Theory: Tokenization is the first step of any NLP pipeline. It consists of splitting a continuous stream of characters into discrete units called tokens. In a search engine, each token typically corresponds to a word.
Implementation: Uses a regex [a-zA-ZA'-y0-9]+ that extracts sequences of
alphanumeric characters, correctly handling accented characters (e', a', u')
typical of Italian. The apostrophe is used as a separator, so
"l'intelligenza" becomes ["l", "intelligenza"].
Function: tokenize(text) -> list[str]
Theory: Normalization reduces superficial variants of tokens to a canonical form. The most common case is lowercase conversion: without normalization, "Rome", "rome", and "ROME" would be three different tokens and a query for "rome" would not find a document containing "Rome".
Implementation: Converts to lowercase and discards single-character tokens (truncated articles like "l", "d", isolated letters), which carry no informational value in search.
Function: normalize(tokens) -> list[str]
Theory: Stop words are extremely frequent words in a language that carry no informational content: articles ("the", "il"), prepositions ("of", "di"), conjunctions ("and", "e"), auxiliary verbs ("is", "e'"). Removing them reduces the index size and improves precision: without this step, almost every document would contain "the" and "il", making these terms useless for distinguishing documents from each other.
Implementation: Loads stop word lists from NLTK for Italian and English (merging them into a single set) and filters the tokens. The combined IT+EN set correctly handles documents in both languages.
Functions: get_stopwords(languages) -> set, remove_stopwords(tokens) -> list[str]
Theory: Stemming reduces each word to its morphological root (stem). The goal is that inflected forms of the same word ("running", "runs", "ran", "runner") collapse to the same stem ("run"), increasing recall (the ability to find relevant documents even when they use different forms of the same word).
Several stemming algorithms exist. This project uses Snowball Stemmer (also known as Porter2), a rule-based suffix-stripping algorithm available in NLTK for many languages including Italian and English.
Stemming is an approximation: it does not produce real words (e.g., "intelligence" becomes "intellig"), but it is computationally lightweight and sufficient for matching. The more sophisticated alternative would be lemmatization, which produces real words ("intelligence" -> "intelligence") but requires full grammatical analysis.
Language detection: A heuristic function counts how many Italian vs English stop words appear in the text and chooses the language with more matches. This determines which stemmer to apply, since suffix-stripping rules are language-specific.
Functions: detect_language(text) -> str, stem(tokens, language) -> list[str]
Theory: The thesaurus is a synonym dictionary used for query expansion. When the user searches for "car", the thesaurus adds "automobile" and "vehicle" to the query, increasing the probability of finding relevant documents that use different words for the same concept. Expansion happens BEFORE preprocessing, so the added synonyms pass through the same pipeline (tokenization, stemming, etc.).
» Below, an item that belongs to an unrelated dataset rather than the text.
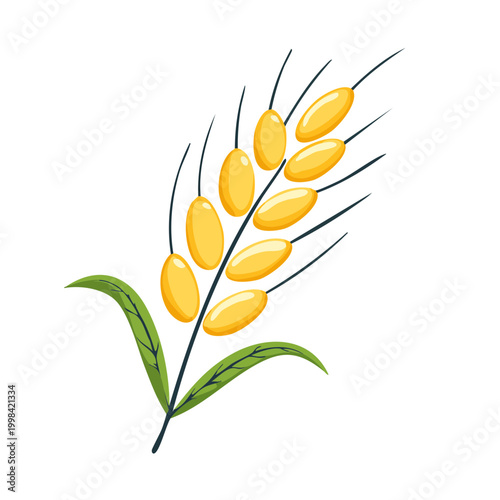 Golden Wheat Ear with Green Leaves, Simple Illustration of Grain Harvest Element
Implementation: Bilingual dictionary (IT + EN) with approximately 40 entries organized by thematic area: transport, computing, space, science, nature, etc. Each term maps to a list of synonyms. "Polysemy bridges" connect ambiguous terms to their alternative meanings (e.g., "python" -> "serpent", "mercury" -> "quicksilver").
Function: expand_terms(terms, enabled) -> (expanded_terms, expansion_log)
The expansion_log records which expansions were applied, useful for showing
the user how the query was modified.
Theory: In a real IR system, the preprocessing stages form a pipeline: the output of each stage becomes the input of the next. The order matters: normalization must precede stop word removal (because stop word lists are in lowercase), and stemming must be applied last (because it operates on already-cleaned words).
Implementation: Calls in sequence tokenize -> normalize -> remove_stopwords -> stem.
Also includes preprocess_with_details() for debugging, which shows the intermediate
output of each stage.
Functions: preprocess(text) -> list[str], preprocess_with_details(text) -> dict
Theory: The first stage of any search engine is document collection (crawling/collection). In web search engines this happens via crawlers that navigate the web; in this educational project, it amounts to reading files from a local directory.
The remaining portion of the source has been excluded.